> Aim of the task: Starting with the line with "12482 S Tithing" in the entries below and going on through the line with "Bed in The Curve by the Park Apartments", output every line exactly and nothing more. No pictures.

> Data excerpts:
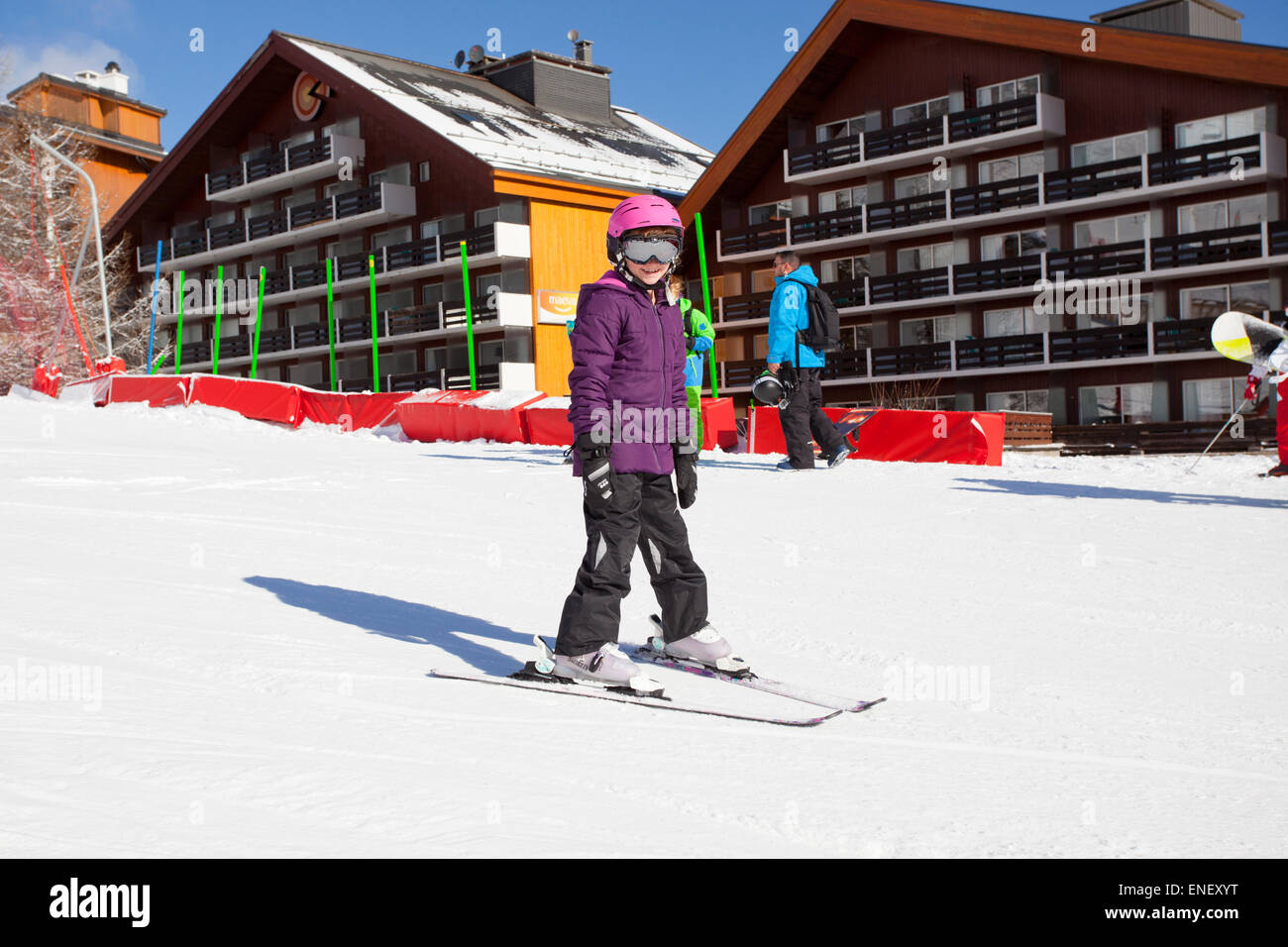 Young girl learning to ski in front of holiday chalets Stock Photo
* * *
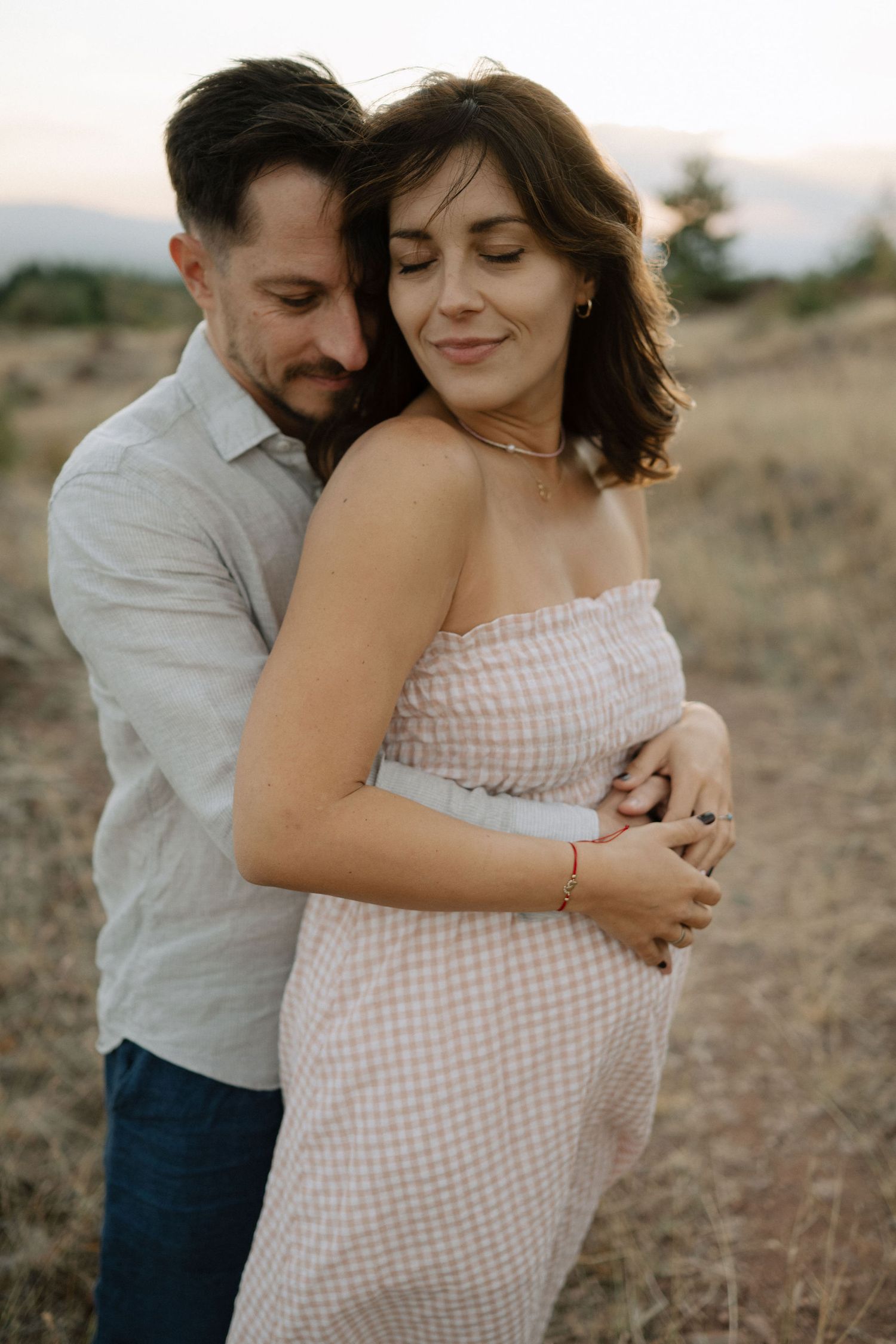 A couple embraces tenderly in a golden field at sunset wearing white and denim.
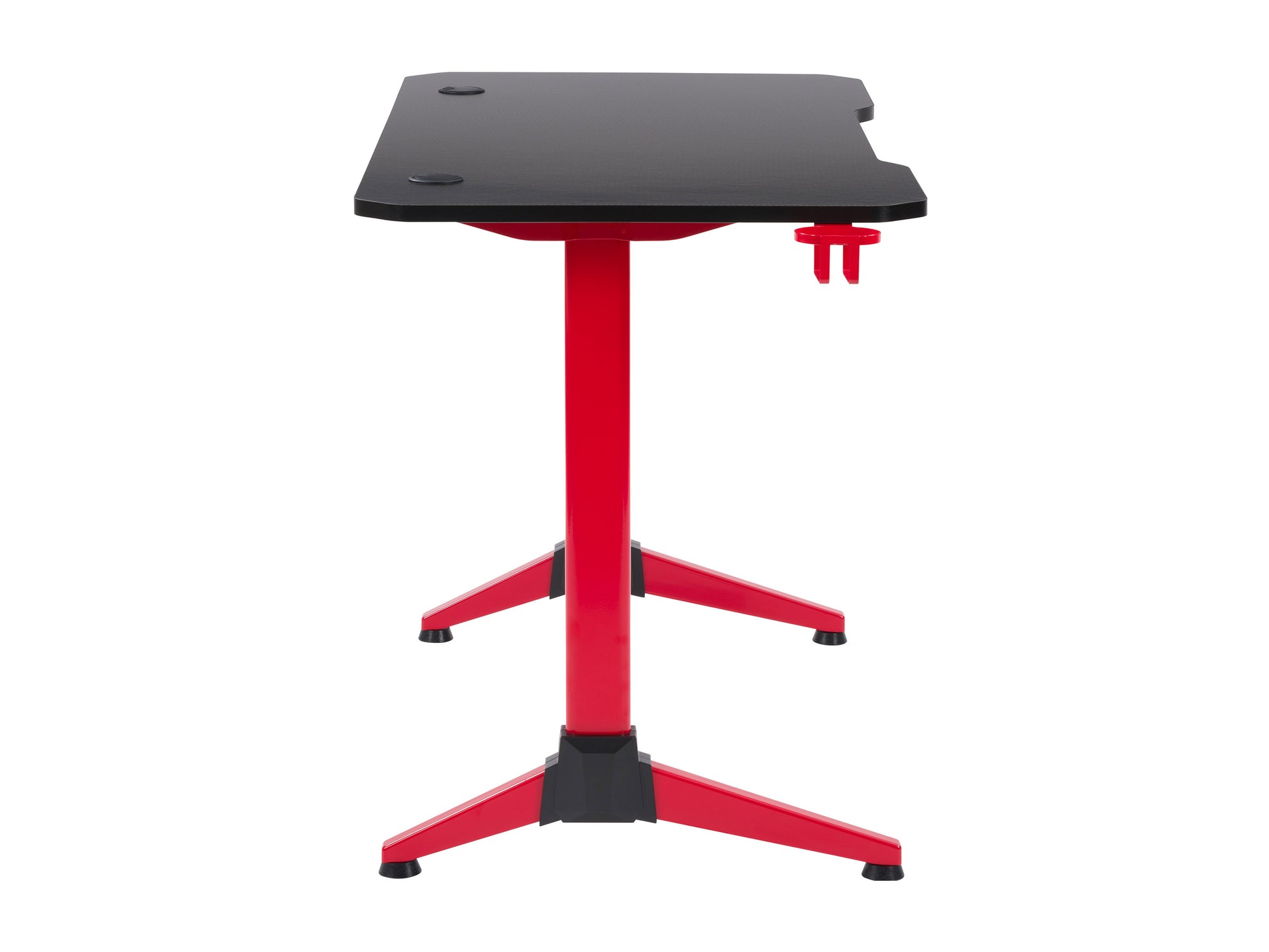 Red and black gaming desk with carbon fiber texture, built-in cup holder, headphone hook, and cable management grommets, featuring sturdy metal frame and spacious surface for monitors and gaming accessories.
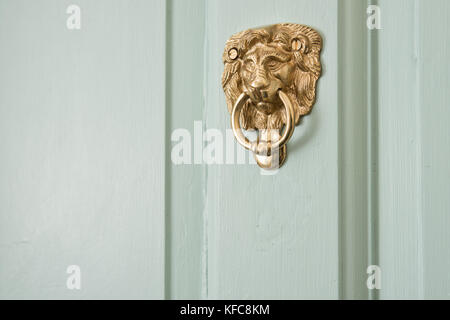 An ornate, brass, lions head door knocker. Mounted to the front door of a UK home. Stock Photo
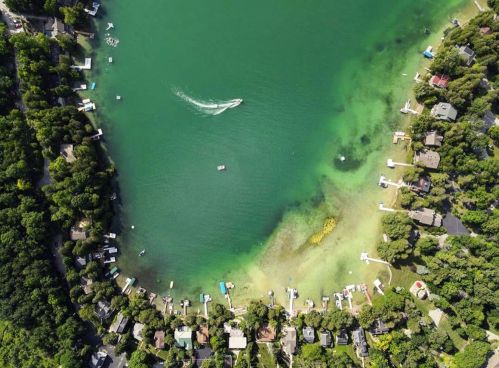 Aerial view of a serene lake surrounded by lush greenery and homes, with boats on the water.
...
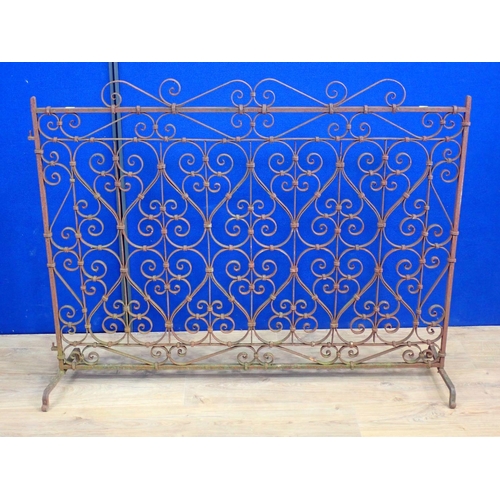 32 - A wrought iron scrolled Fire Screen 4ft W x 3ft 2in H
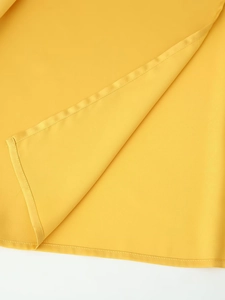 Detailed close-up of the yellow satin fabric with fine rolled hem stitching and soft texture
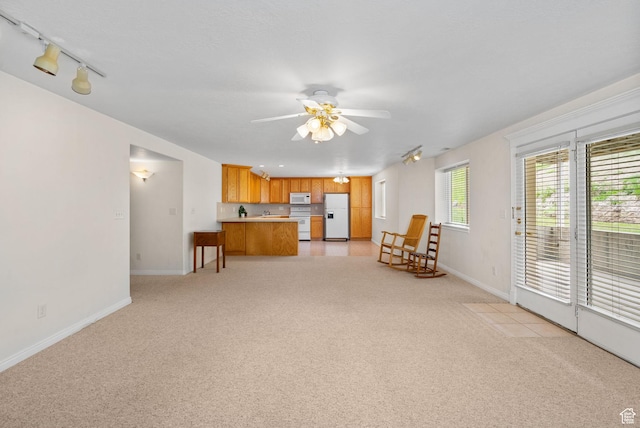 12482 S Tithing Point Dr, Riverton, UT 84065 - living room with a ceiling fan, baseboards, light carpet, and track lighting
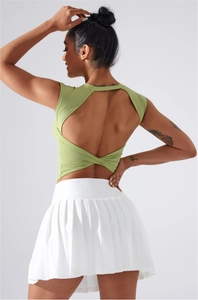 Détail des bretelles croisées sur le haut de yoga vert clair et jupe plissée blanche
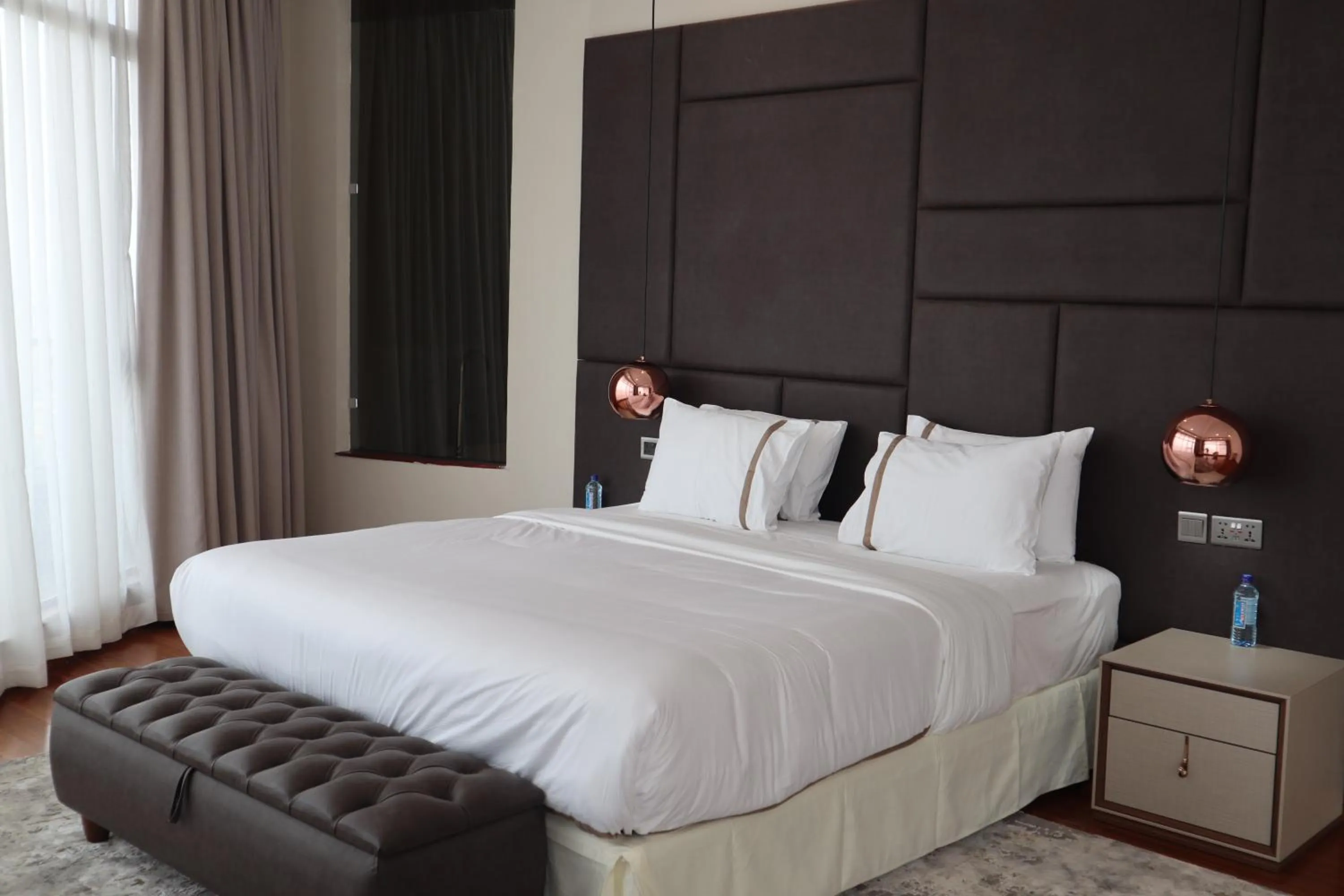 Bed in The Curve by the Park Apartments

> Result for this task:
 12482 S Tithing Point Dr, Riverton, UT 84065 - living room with a ceiling fan, baseboards, light carpet, and track lighting
 Détail des bretelles croisées sur le haut de yoga vert clair et jupe plissée blanche
 Bed in The Curve by the Park Apartments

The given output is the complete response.